It reminds me that Tibor Kalman recommended learning all associative cliches you can simply because people respond so powerfully to them. Essentially, by over-intellectualising the issue with complex or slightly 'high-brow' design solutions, we sometimes alienate the very people who we are trying to reach. We are not designing for ourselves! (although this doesn't mean we should all start using comic sans, the font gods still get angry and make you do annual reports for the rest of eternity to repent).

It's also not to say we shouldn't continue looking for fresh and innovative new ways to communicate common ideas, but it is easy to get too clever and forget who we are talking to. If you were asked to design something for children, you would design appropriately and simply, so why is it we often design up when dealing with an adult crowd and expect them to match our level of understanding.

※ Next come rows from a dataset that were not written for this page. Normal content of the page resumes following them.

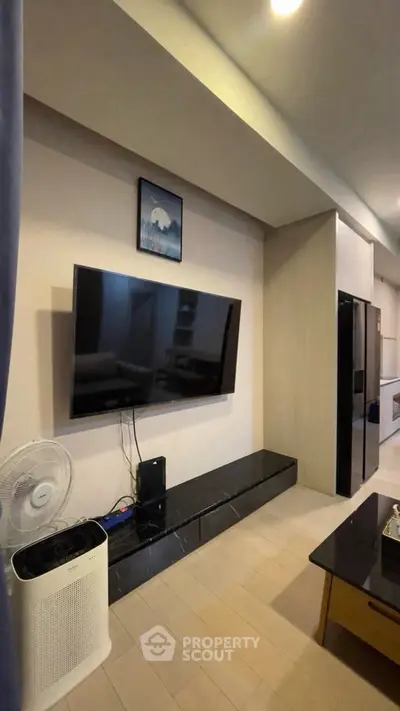 Modern living room with wall-mounted TV and sleek furniture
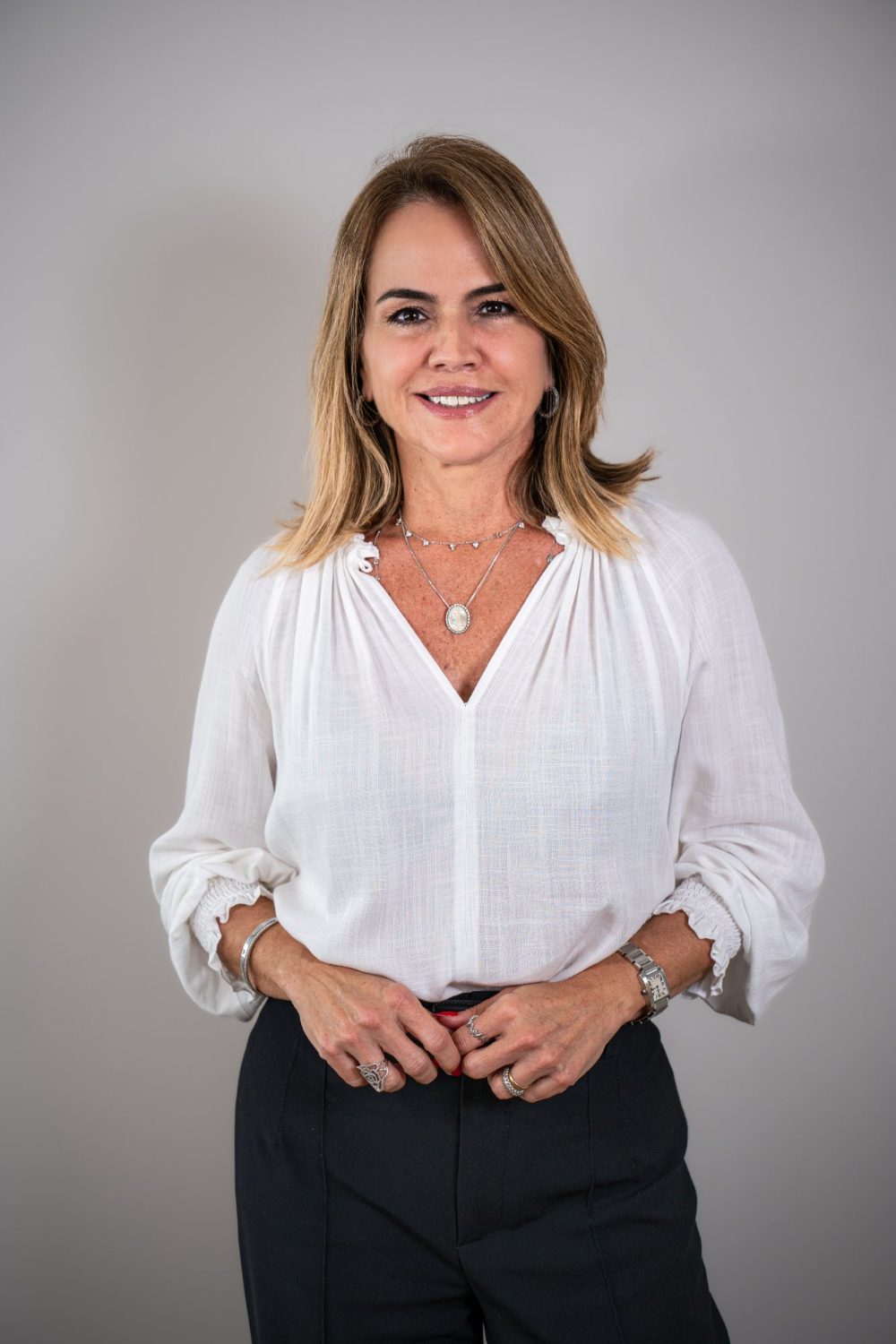 Retrato de Lecticia Raposo sorrindo, com blusa branca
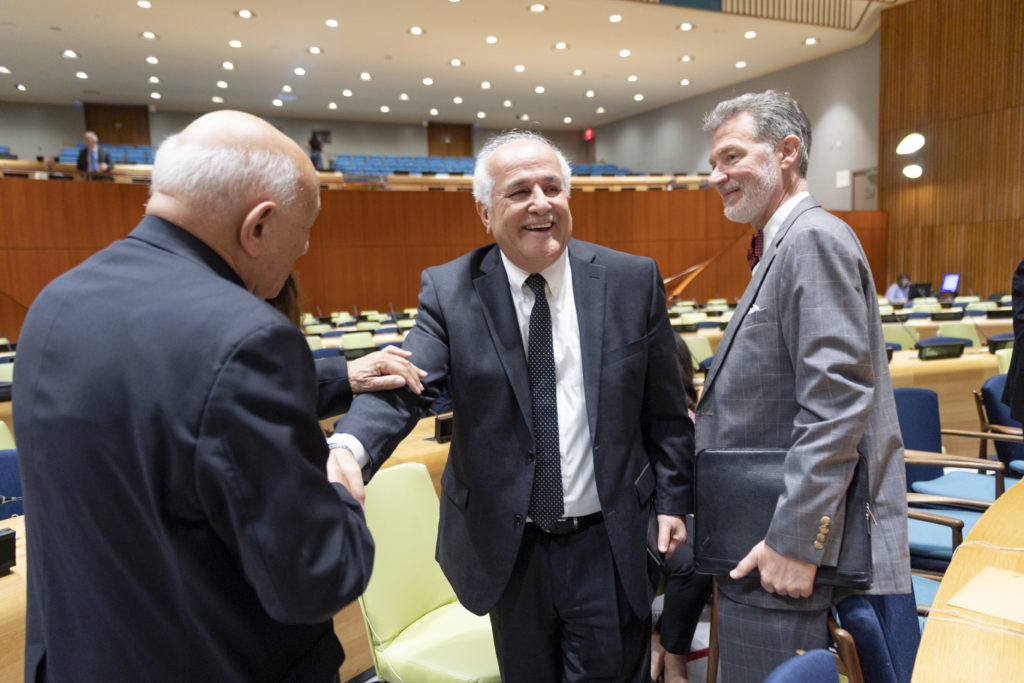 Riyad Mansour (centre), Permanent Observer of the State of Palestine to the United Nations, meeting with Peter Mulrean (right), UNRWA director at the recent UN General Assembly meeting.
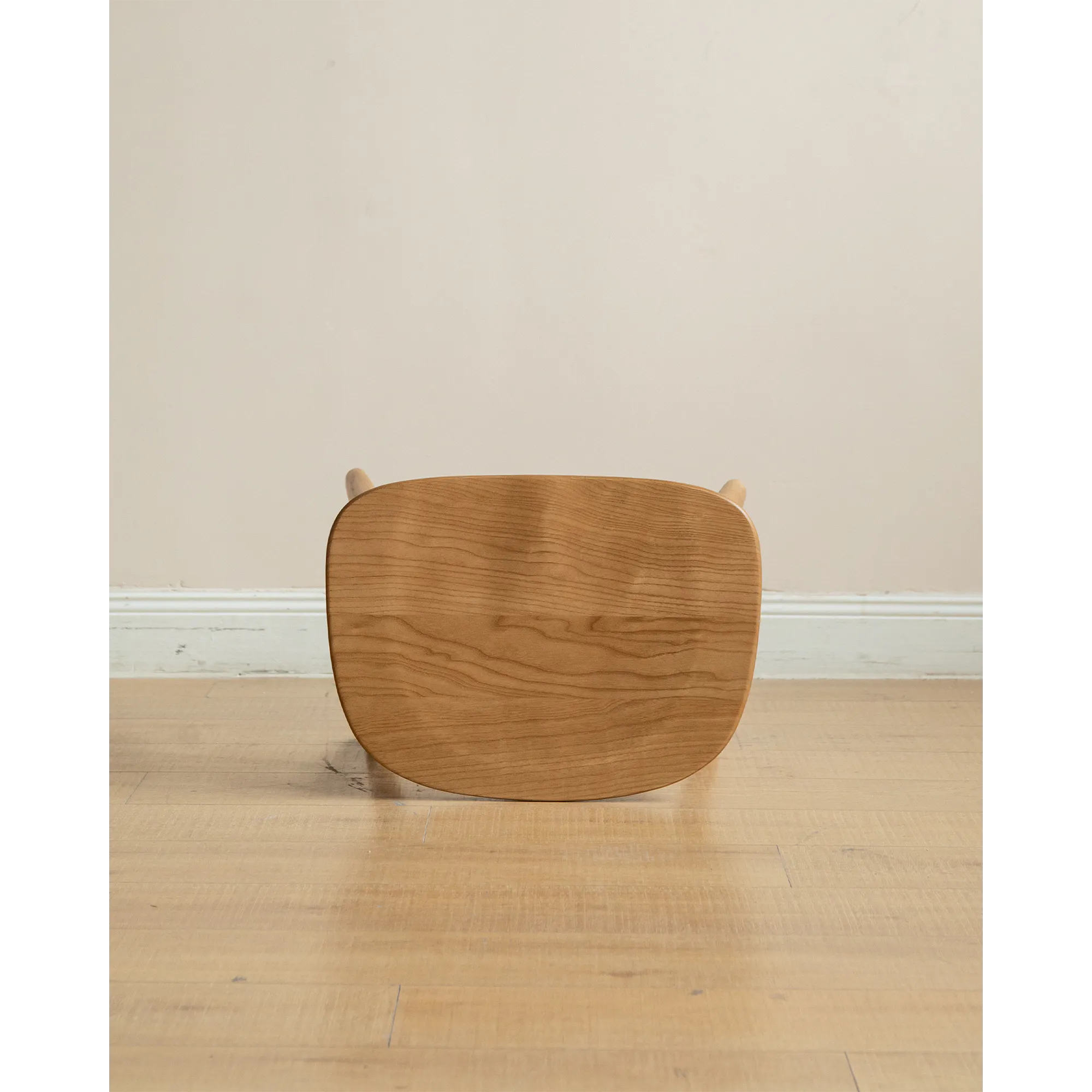 Pete Stool - Oak - 12 - Wooden stool, minimalist design, round top, natural wood finish, light beige wall, wooden legs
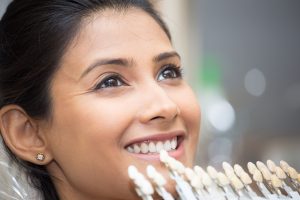 Close-up of smiling woman with white teeth; dental shade guide held near her mouth for color comparison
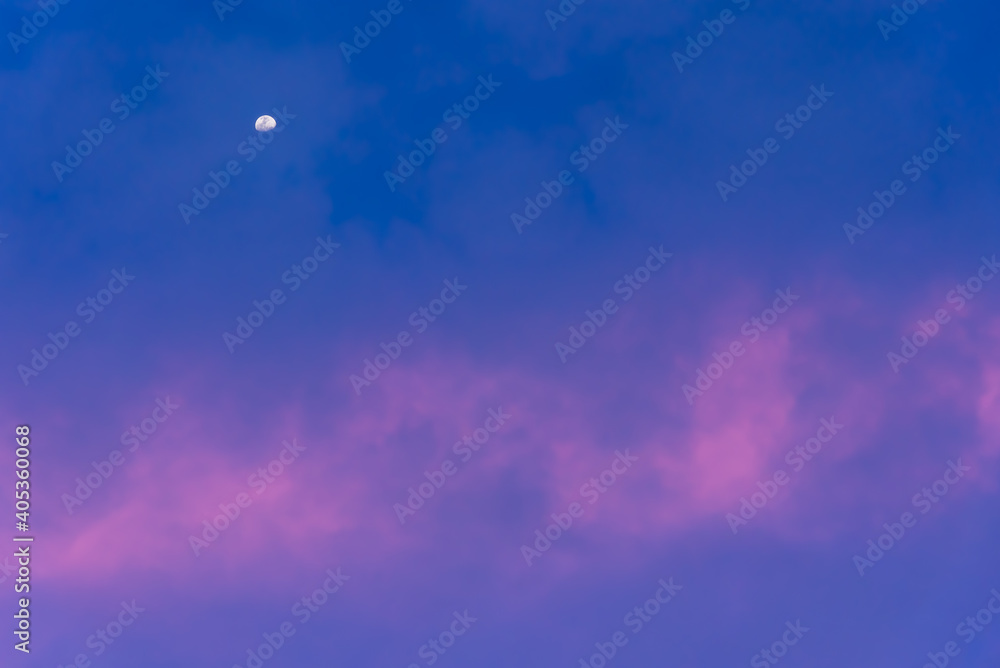 A distant moon in the early evening sky with lite pink clouds capturing the last of the sunlight for the day A distant moon in the early evening sky with lite pink clouds capturing the last of the sunlight for the day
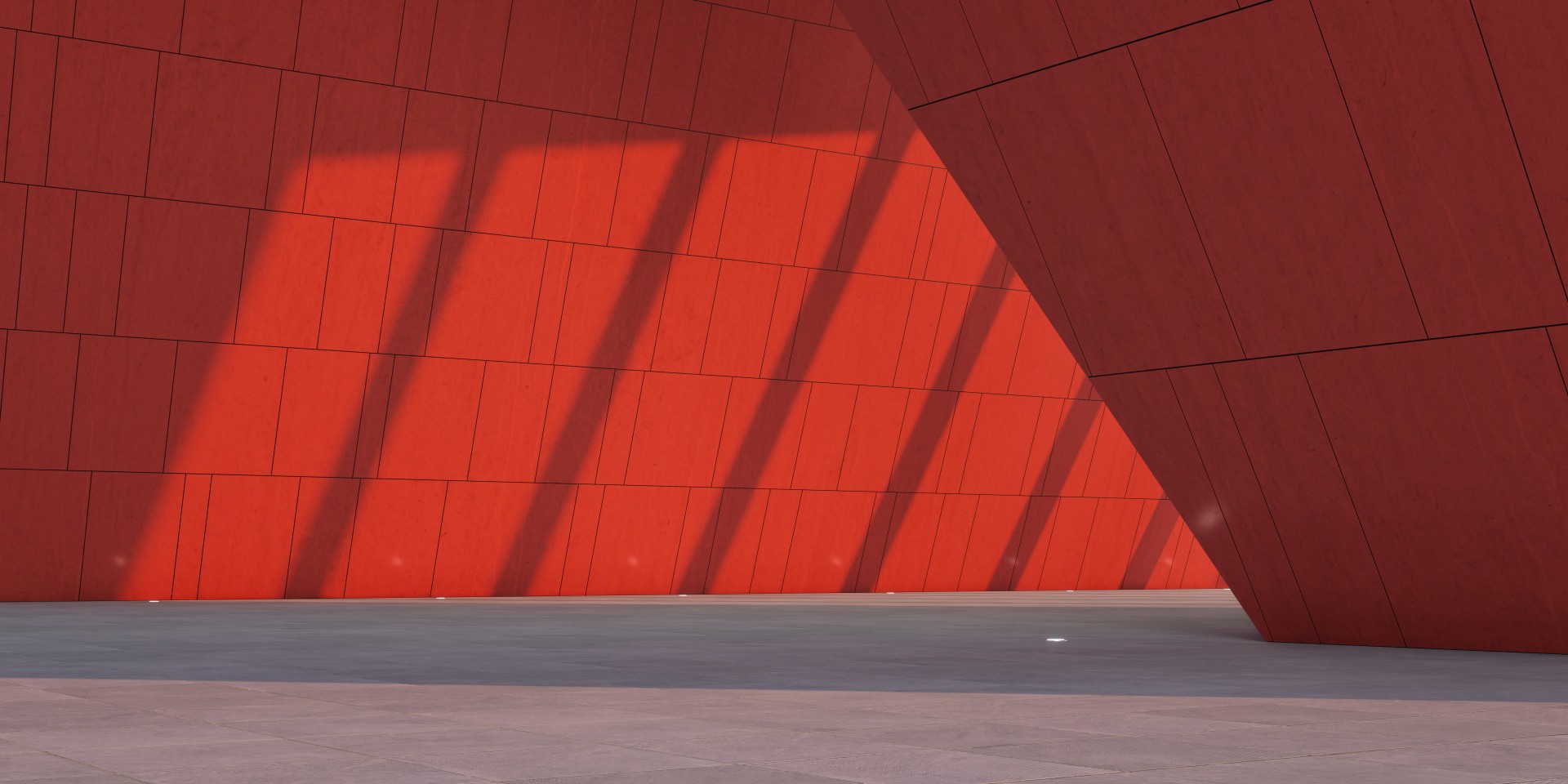 Punainen seinä, jossa näkyy valon ja varjon eroja.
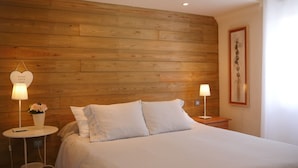 A bedroom with a wooden headboard, two bedside lamps, a framed picture on the wall, and a bedside table with a vase of flowers. - Holiday Apartment 'Suite Arte y Dragos' with Mountain View, Wi-Fi and Air Conditioning (San Bartolomé)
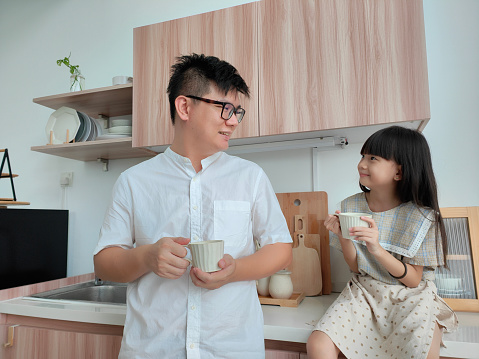 Parenthood. Family. Love. Asian Chinese father and his little daughter are holding a cups of drink in the kitchen at home.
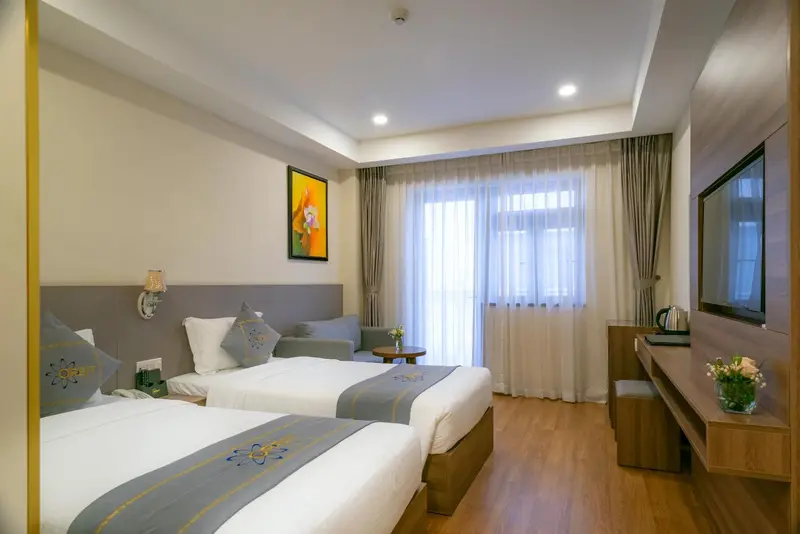 Une chambre lumineuse avec deux lits simples et un coin salon.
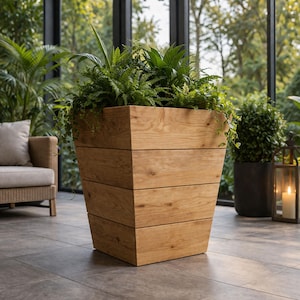 May include: A large, wooden planter box filled with lush green plants. The planter has a trapezoidal shape, constructed from horizontal wooden planks. The natural wood color complements the greenery, creating a stylish outdoor decor element.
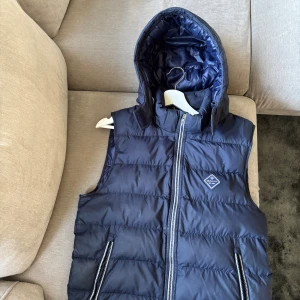 Mörkblå väst från GANT - Säljer min Gant Väst då jag ej använder den längre. Storlek small/17. Den passar för M, Huvan går å ta av 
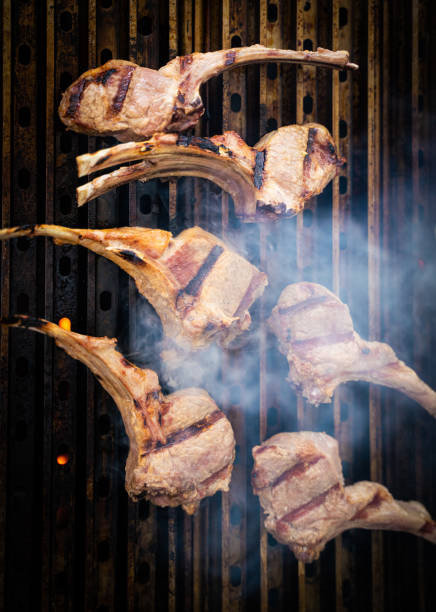istock Rack of Lamb chops on grill grates top view 1322408336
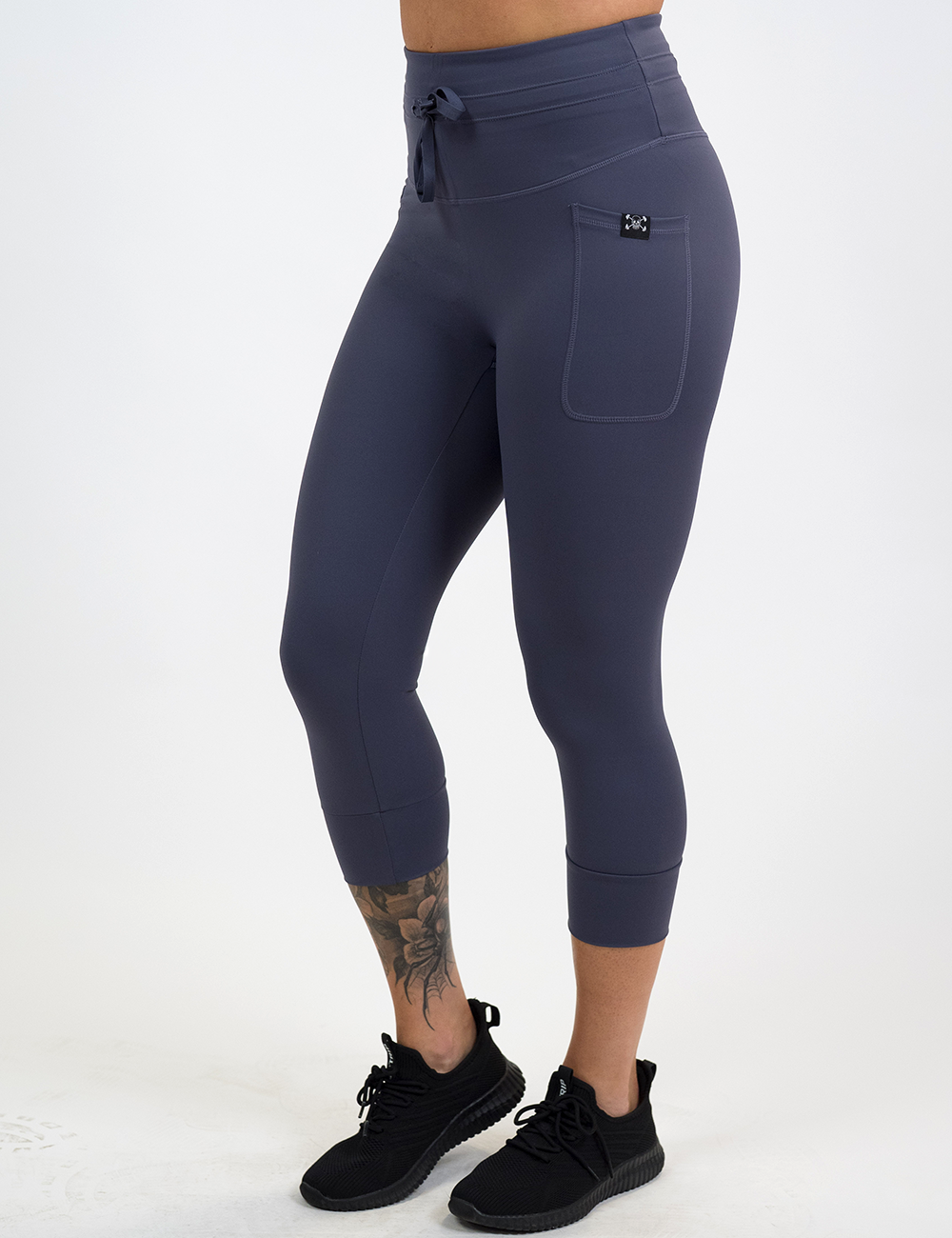 model wearing the capri purple twilight omni drawstring leggings facing the front against a white background
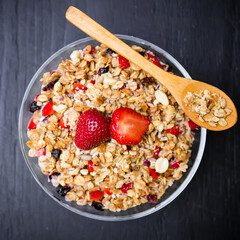 Muesli with strawberries and blueberries on dark table. Diet breakfast. Flat lay, top view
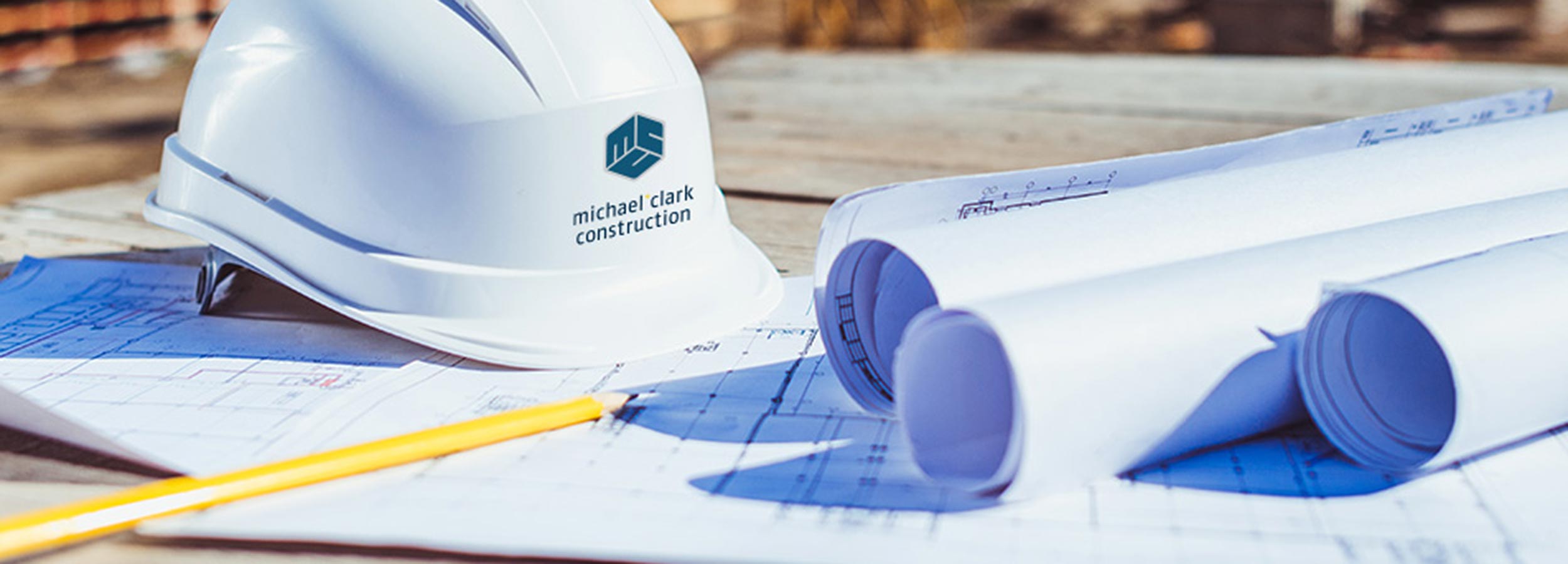 Picture of a white hardhard with company logo, sitting on a blueprint with other blueprints rolled up.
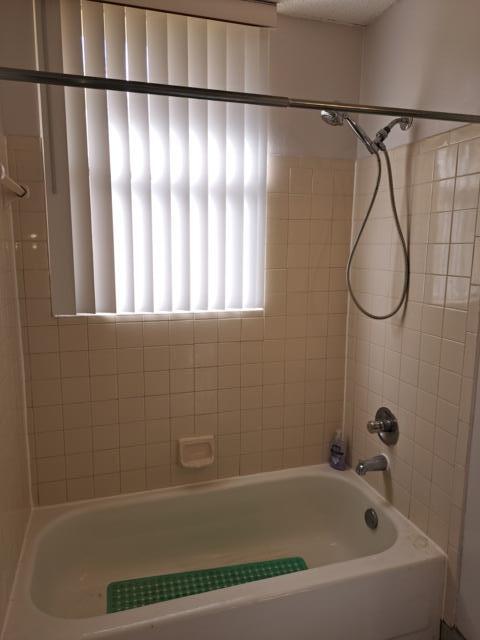 701 Lyons Road, Unit 13208 Coconut Creek, FL 33063 - Photo 12 of 31 a bathroom with a bathtub and a shower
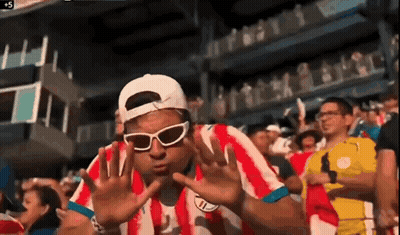Man In Sunglasses And Red Striped Shirt In Crowd GIF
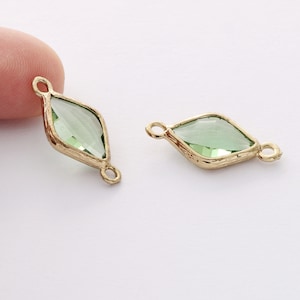 Könnte beinhalten: Zwei goldfarbene Verbindungsanhänger mit einer grünen, facettierten Glasdiamantform in der Mitte. Die Anhänger haben an beiden Seiten zwei Schlaufen zum Anbringen an Schmuck.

A good designer should always keep in mind the audience and design appropriately, in essence 'playing to their level'. You can still create beautiful design solutions that communicate a strong and easily understood message.

Another point I'd like to mention is the importance of noting the respondant's physical and emotional states during the time of testing.

I have found in particular, people under the influence of illicit drugs may skew your results. The example I'll discuss briefly here involved a number of young men aged between 18 - 25 who were participating in a focus group researching concepts for an existing product being rebranded.

Whilst the client and I sat behind some one-way glass, the moderator took this group through an introduction to the existing packaging before presenting a range of new pack options. Clearly stoned off their heads, I was forced to deem their colour choices invalid after they expressed a preference for tones that reminded them of food. One conversation went like this :

– I like the green pack
– Yeah, the apple green pack
– Yeah, yeah! It is apple green!
– Man, I'm so hungry right now
– So am I man, I like that pack too. I like the crunchy juicy apple green pack ... mmm
– Can we get some food?
– Yeah! Pay us in apples!

They may have won my respect and admiration, but unfortunately lost their chance to affect the data ... and when that happens, we all lose. Because the data comes first my friends ... the data must come first.